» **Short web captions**
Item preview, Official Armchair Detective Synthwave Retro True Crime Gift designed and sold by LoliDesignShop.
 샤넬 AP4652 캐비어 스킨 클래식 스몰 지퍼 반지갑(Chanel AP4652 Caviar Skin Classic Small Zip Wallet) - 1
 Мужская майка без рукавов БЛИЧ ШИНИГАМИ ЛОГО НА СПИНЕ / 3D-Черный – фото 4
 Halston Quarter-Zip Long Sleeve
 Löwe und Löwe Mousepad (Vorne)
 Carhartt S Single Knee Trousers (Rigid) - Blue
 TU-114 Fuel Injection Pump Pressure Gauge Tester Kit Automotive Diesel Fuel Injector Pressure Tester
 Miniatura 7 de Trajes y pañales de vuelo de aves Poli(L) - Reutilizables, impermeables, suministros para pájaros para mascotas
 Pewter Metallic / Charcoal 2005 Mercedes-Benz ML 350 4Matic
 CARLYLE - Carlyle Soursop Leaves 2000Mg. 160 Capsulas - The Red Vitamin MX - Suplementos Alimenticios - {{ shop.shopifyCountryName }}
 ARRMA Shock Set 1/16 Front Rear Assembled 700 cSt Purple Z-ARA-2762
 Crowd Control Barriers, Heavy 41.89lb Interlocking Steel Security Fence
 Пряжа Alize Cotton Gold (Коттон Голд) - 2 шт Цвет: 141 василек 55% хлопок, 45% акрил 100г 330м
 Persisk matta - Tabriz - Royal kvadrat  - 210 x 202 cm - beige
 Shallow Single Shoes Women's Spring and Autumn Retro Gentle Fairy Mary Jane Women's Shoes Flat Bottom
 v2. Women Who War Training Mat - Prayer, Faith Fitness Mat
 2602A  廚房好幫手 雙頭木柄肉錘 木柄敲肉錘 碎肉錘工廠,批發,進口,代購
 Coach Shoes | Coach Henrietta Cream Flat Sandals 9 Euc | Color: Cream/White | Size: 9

» **Assignment**
All of the entries should be repeated word for word.

» **Result for this exercise**
Item preview, Official Armchair Detective Synthwave Retro True Crime Gift designed and sold by LoliDesignShop.
 샤넬 AP4652 캐비어 스킨 클래식 스몰 지퍼 반지갑(Chanel AP4652 Caviar Skin Classic Small Zip Wallet) - 1
 Мужская майка без рукавов БЛИЧ ШИНИГАМИ ЛОГО НА СПИНЕ / 3D-Черный – фото 4
 Halston Quarter-Zip Long Sleeve
 Löwe und Löwe Mousepad (Vorne)
 Carhartt S Single Knee Trousers (Rigid) - Blue
 TU-114 Fuel Injection Pump Pressure Gauge Tester Kit Automotive Diesel Fuel Injector Pressure Tester
 Miniatura 7 de Trajes y pañales de vuelo de aves Poli(L) - Reutilizables, impermeables, suministros para pájaros para mascotas
 Pewter Metallic / Charcoal 2005 Mercedes-Benz ML 350 4Matic
 CARLYLE - Carlyle Soursop Leaves 2000Mg. 160 Capsulas - The Red Vitamin MX - Suplementos Alimenticios - {{ shop.shopifyCountryName }}
 ARRMA Shock Set 1/16 Front Rear Assembled 700 cSt Purple Z-ARA-2762
 Crowd Control Barriers, Heavy 41.89lb Interlocking Steel Security Fence
 Пряжа Alize Cotton Gold (Коттон Голд) - 2 шт Цвет: 141 василек 55% хлопок, 45% акрил 100г 330м
 Persisk matta - Tabriz - Royal kvadrat  - 210 x 202 cm - beige
 Shallow Single Shoes Women's Spring and Autumn Retro Gentle Fairy Mary Jane Women's Shoes Flat Bottom
 v2. Women Who War Training Mat - Prayer, Faith Fitness Mat
 2602A  廚房好幫手 雙頭木柄肉錘 木柄敲肉錘 碎肉錘工廠,批發,進口,代購
 Coach Shoes | Coach Henrietta Cream Flat Sandals 9 Euc | Color: Cream/White | Size: 9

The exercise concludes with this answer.